[Patches] [ python-Patches-553108 ] Deprecate bsddb
noreply@sourceforge.net
noreply@sourceforge.net
Tue, 02 Jul 2002 15:17:37 -0700
Patches item #553108, was opened at 2002-05-06 22:46
You can respond by visiting:
https://sourceforge.net/tracker/?func=detail&atid=305470&aid=553108&group_id=5470
Category: Modules
Group: Python 2.3
Status: Open
Resolution: Accepted
Priority: 5
Submitted By: Garth T Kidd (gtk)
Assigned to: Skip Montanaro (montanaro)
Summary: Deprecate bsddb
Initial Comment:
Large numbers of inserts break bsddb, as first
discovered in Python 1.5 (bug 408271).
According to Barry Warsaw, "trying to get the bsddb
module that comes with Python to work is a hopeless
cause."
If it's broken, let's discourage people from using it.
In particular, let's ensure that people importing
shelve or anydbm don't end up using it by default.

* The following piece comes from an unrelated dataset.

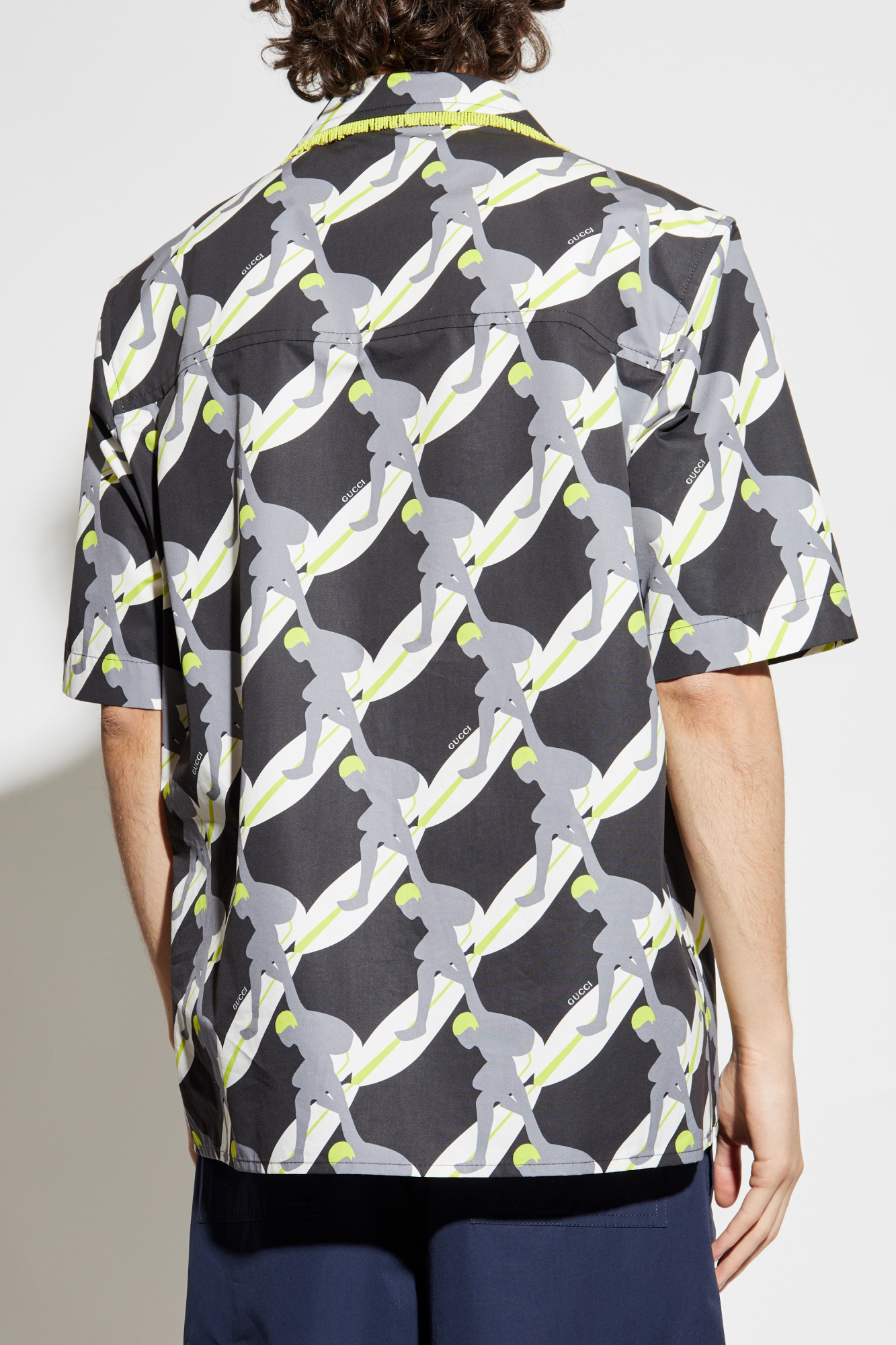 Tシャツ・カットソー GUCCI SS25 Chiffon shirt (812225Z7AI4 1039) Embroidered cotton jersey T-shirt in off-white | GUCCI® US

The submitted patch adds a DeprecationWarning to the
bsddb module and removes bsddb from the list of db
module candidates in anydbm.
----------------------------------------------------------------------
>Comment By: Skip Montanaro (montanaro)
Date: 2002-07-02 17:17
Message:
Logged In: YES
user_id=44345
Jack,
Sorry to here you're having trouble. Alas, my MacOS X system is with
my wife at the moment, so I can't dig into the problem much. Can you
provide me with some background info? If you can send me your copy
of ndbm.h (I doubt it's using Berkeley DB) and figure out which library
dbm_open resides in, that would be great. Also, can you provide me
with the output of the build process so I can see just what errors are
being generated?
Skip
----------------------------------------------------------------------
Comment By: Jack Jansen (jackjansen)
Date: 2002-07-02 16:52
Message:
Logged In: YES
user_id=45365
Skip,
I'm reopening this bug report: the fix breaks builds on Mac OS X, and I haven't a clue as to how to fix this so I hope you can help. MacOSX has /usr/include/ndbm.h (implemented with Berkeley DB, I think) but it doesn't have any of the libraries (I assume everything needed is in libc).

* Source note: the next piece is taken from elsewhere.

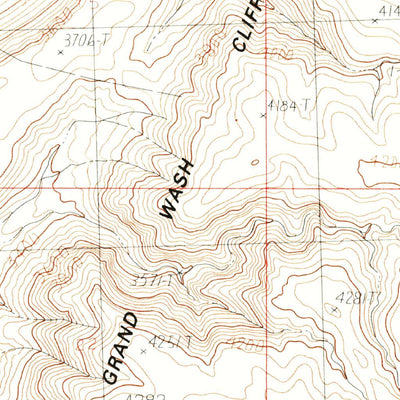 United States Geological Survey Cane Springs SE, AZ (1985, 24000-Scale) digital map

Everything worked fine until last week, when configure still took care of defining HAVE_NDBM_H.
----------------------------------------------------------------------
Comment By: Skip Montanaro (montanaro)
Date: 2002-06-14 15:32
Message:
Logged In: YES
user_id=44345
Implemented in
setup.py 1.93
README 1.147
configure 1.315
configure.in 1.325
pyconfig.h.in 1.42
Modules/dbmmodule 2.30
----------------------------------------------------------------------
Comment By: Martin v. Löwis (loewis)
Date: 2002-06-14 02:16
Message:
Logged In: YES
user_id=21627
The patch looks good, please apply it.
----------------------------------------------------------------------
Comment By: Skip Montanaro (montanaro)
Date: 2002-06-13 22:33
Message:
Logged In: YES
user_id=44345
a couple more tweaks... I forgot to include dbmmodule.c in
previous patches. This version of the patch also includes a
modified README file that adds a section about building the
bsddb and dbm modules.
----------------------------------------------------------------------
Comment By: Skip Montanaro (montanaro)
Date: 2002-06-13 02:35
Message:
Logged In: YES
user_id=44345
Here's an updated patch. It's different in a couple ways:
* support for Berkeley DB 4.x was added. You will need to
configure iBerkdb with the 1.85 compatibility stuff.
* I cleaned up the dbm build code a bit.
* I added a diff for the configure file for people who don't
have autoconf handy.
Skip
----------------------------------------------------------------------
Comment By: Skip Montanaro (montanaro)
Date: 2002-06-11 11:09
Message:
Logged In: YES
user_id=44345
I think deprecating bsddb is too drastic. In the first place, the problems
you refer to are in the underlying Berkeley DB library, not in the bsddb
code itself. In the second place, later versions of the library fix the
problem.
The attached patch attempts to modify setup.py and configure.in to
solve the problem. It does a couple things differently than the current
CVS version:
1. It only searches for versions 2 and 3 of the Berkeley DB library by
default. People who know what they are doing can uncomment the
information relevant to version 1.
2. It moves all the checking code into setup.py. The header file checks
in configure.in were deleted.
3. The ndbm lookalike stuff for the dbm module is done differently. This
has not really been tested yet. I anticipate further changes will be
necessary with this code.
I'm sure it's not perfect. Please give it a try and let me know how it
works for you.
All that said, I think a better migration path is to replace the current
module with the bsddb3/pybsddb stuff. I think that would effectively
restrict you to versions 3 or 4 of the underlying Berkeley DB library, so
it probably couldn't be done with impunity.
Skip
----------------------------------------------------------------------
Comment By: Martin D Katz, Ph.D. (drbits)
Date: 2002-05-20 13:14
Message:
Logged In: YES
user_id=276840
#!/bin/python
# Test for Python bug report 553108
# This program shows that bsddb seems to work reliably with
# the btopen database format.
# This is based on the test program
# in the discussion of bug report 445862
# This has been enhanced to perform read, modify,
# write operations in random order.
# This is only one of several tests I performed.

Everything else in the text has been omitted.